Democracy Watch’s Government Ethics Campaign

Group calls on Auditor General to audit performance of federal Commissioner of Lobbying and RCMP given negligently weak enforcement record that is a sad joke

Likely 1,600 lobbyists have violated Lobbying Act or Lobbyists’ Code since 2007 but only one has been found guilty of violating Act (with two others currently charged), and only 13 have been found in violation of the Code (none since 2012)

In past 11 years, the Commissioner, RCMP and Crown prosecutors have decided not to penalize 67 lobbyists who have violated the Act and Code (who they are has been kept secret) – 81% of the lobbyists caught violating the Act and Code have not been penalized or prosecuted

Another 52 people have been caught lobbying without registering but have been let off the hook because loopholes in the Act mean their secret lobbying was legal (who they are remains secret)

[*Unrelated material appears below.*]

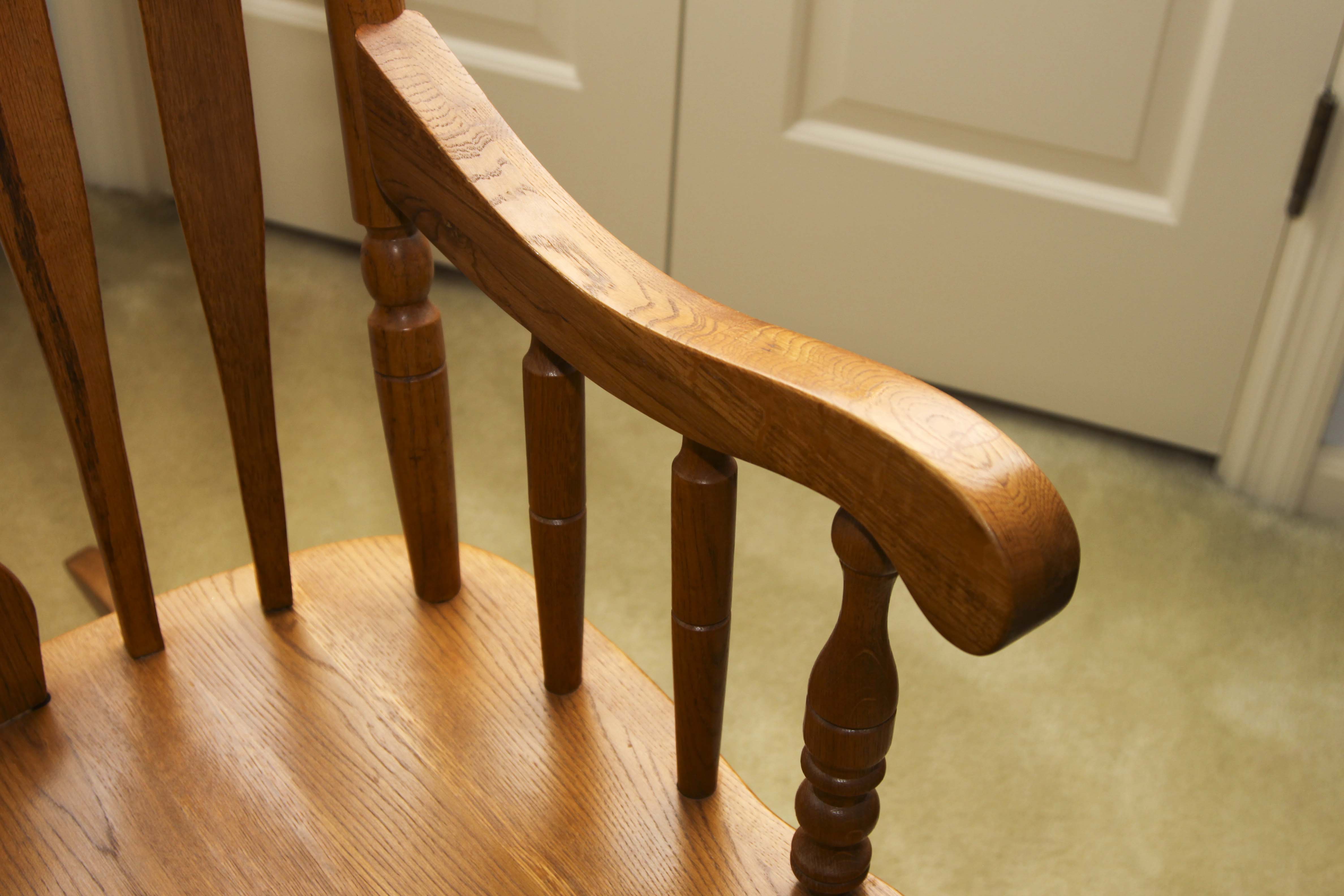 Carved Oak Wood  Rocking Chair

Commissioner doesn’t do any audits to find unregistered communications with government institutions and officials, so likely only 5% of violators are caught – law and enforcement must be strengthened

Monday, June 1, 2015

OTTAWA – Today, Democracy Watch called on the Auditor General to audit federal Commissioner of Lobbying Karen Shepherd’s and the RCMP performance record similar to the review the auditor did in 2010 of the very negligently weak enforcement record of the former federal Integrity Commissioner. Commissioner Shepherd is the front-line enforcer of the Lobbying Act and Lobbyists’ Code of Conduct and the RCMP are supposed to assist in enforcement. Together their enforcement record is as bad as the former Integrity Commissioner’s record.

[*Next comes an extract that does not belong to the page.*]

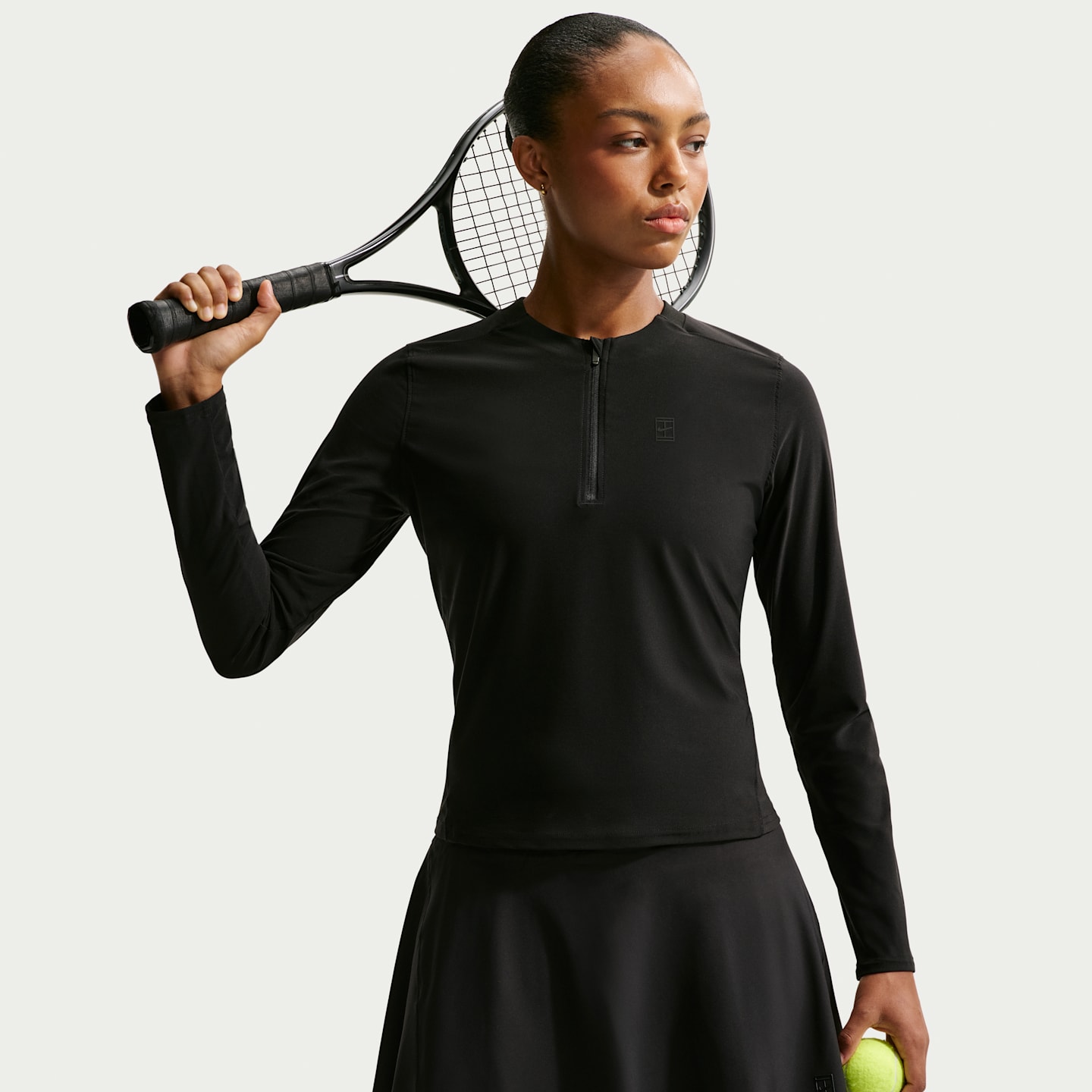 Женский топ Nike NikeCourt Advantage Dri-FIT Mid-Layer Tennis Top, цвет: Чёрный — фото 3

In the past 11 years, the Commissioner of Lobbying, RCMP and Crown prosecutors have secretly decided not to penalize or prosecute 67 lobbyists who have violated the Act and Code (who they are remains secret). Another 52 people have been caught lobbying without registering but have been let off the hook because loopholes in the Act mean their secret lobbying was legal.

Since 1988, only one person has been found guilty of violating the Act, only two other people have been charged with violating the Act (Bruce Carson and Jamie Carroll), and only 13 have been found guilty of violating the Code. Commissioner Shepherd took until November 2011 to issue the first valid ruling on a violation of the Code, and two of the 13 who have been found guilty after the Commissioner was forced by court order to issue rulings. Commissioner Shepherd has not found anyone guilty of violating the Code since 2012.

So overall, since 1988, the Commissioner of Lobbying and her predecessors, and the RCMP, have only caught 83 people violating the Act and Code (anyone who violates the Act is automatically in violation of the Code) even though there are 5,000 registered federal lobbyists at any one time, and tens of thousands of people who have lobbied the federal government since 2007 when Commissioner Shepherd began her position – and 67 of those 83 people have been let off the hook.

In other words, Commissioner Shepherd, the RCMP and Crown prosecutors have decided not to penalize 81% of the lobbyists who have been caught violating the Act and Code.

On May 27, 2015, as she has in the past, Commissioner Shepherd testified before the House of Commons Standing Committee on Access, Ethics and Privacy and stated that her only enforcement action concerning unregistered communications between lobbyists and government institutions and officials is “monitoring the media”. She doesn’t do any random auditing of communications – which experts in law enforcement agree are necessary for effective law enforcement.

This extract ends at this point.